Francis Bacon et Alberto Giacometti ont chacun rencontré Ernst Beyeler, ils ont exposé chez lui, c’est pourquoi, la fondation constitue un lieu privilégié pour cette exposition exceptionnelle. Le dialogue s’organise autour de 100 œuvres révélant l’intérêt du peintre et du sculpteur pour les artistes contemporains sans négliger ceux du passé. Elles mettent aussi l’accent sur leurs ressemblances et leurs différences. Pour Bacon, l’art est une obsession de la vie, la sienne en particulier : « Le chaos, pour moi, fait naître des images » ; il exprime à travers cette phrase la genèse de sa création. Pour Giacometti, l’art est une façon de percevoir le monde extérieur. Ces conceptions témoignent de leurs questionnements. L’exposition révèle d’étonnantes correspondances entre eux.

Dès la première salle apparaît une forte intention de s’exprimer par une figuration revue par leur vision intime et déjà se fait jour leur correspondance. Chez Giacometti, les portraits d’Isabelle possèdent une forte expressivité que l’on retrouve dans la série des Femmes debout sculptées dans leur fragile verticalité, leur déformation exprimant sa vision intérieure. L’interprétation de la même jeune femme par Bacon qui accentue les traits, les « bouscule » en une puissante gestualité, est impressionnante.
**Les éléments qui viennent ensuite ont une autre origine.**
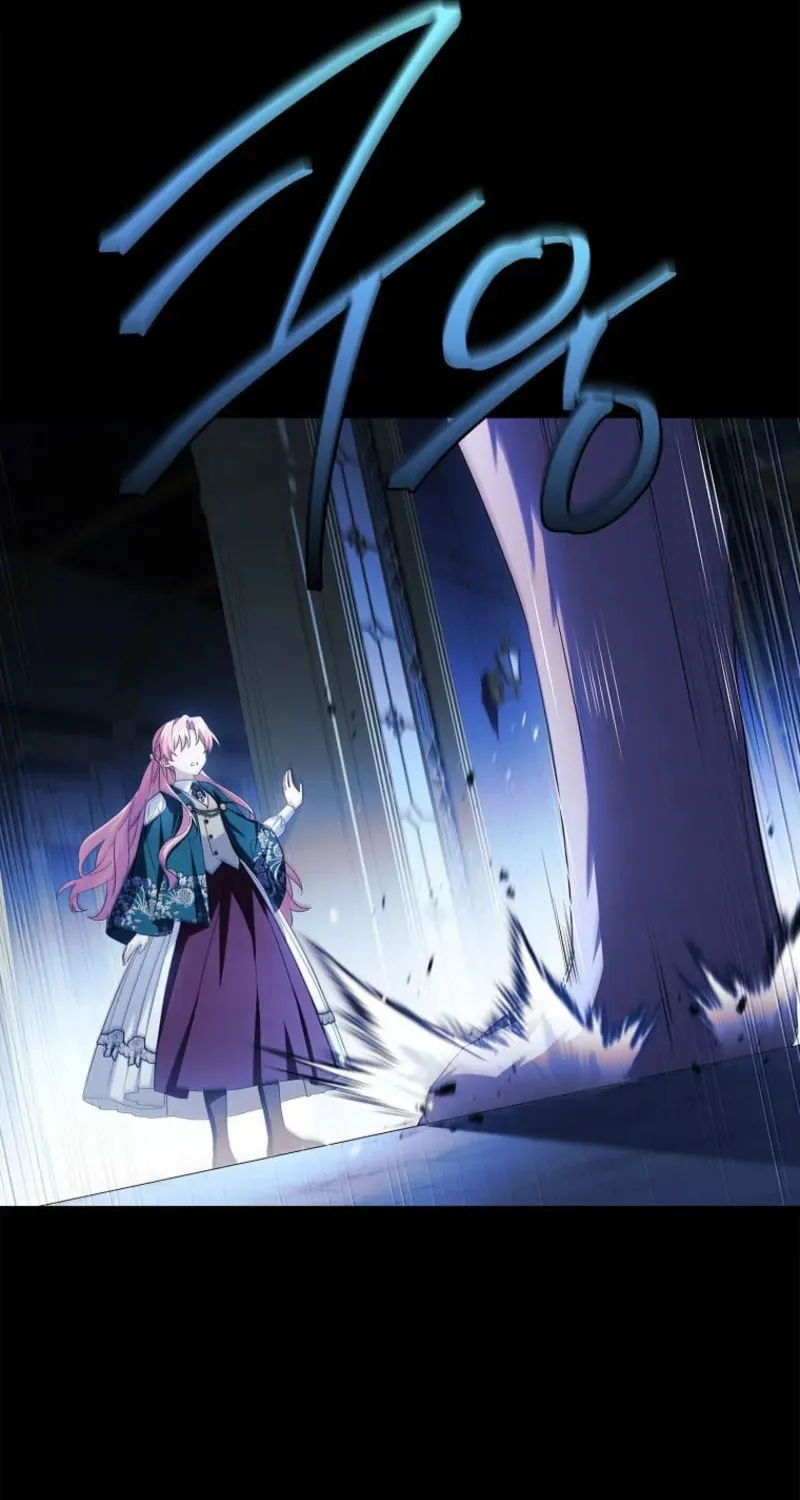 The Little Lady Behind the Villain Chapter 120 page 11 -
La recherche permanente de traduction des figures dans l’espace se retrouve dans leur conception : c’est la Boule suspendue que le sculpteur fait flotter au-dessus d’une banane enfermée en un frêle échafaudage. Bacon exécute un portrait, Head VI au visage à peine esquissé dont on ne distingue que la bouche ouverte comme un cri, cri qu’il reproduira dans la figure du pape Innocent X inspiré par la peinture de Velazquez qui l’a fasciné. Il réalise des portraits presque défigurés en une touche dynamique. Des raies verticales semblent l’enfermer dans une sorte de prison mais il peint aussi un autoportrait d’une extraordinaire vérité… Leur fait face une vitrine où sont présentés des bustes dont Giacometti qui expriment la personnalité. Très amincis, parfois minuscules, ils conservent leur humanité.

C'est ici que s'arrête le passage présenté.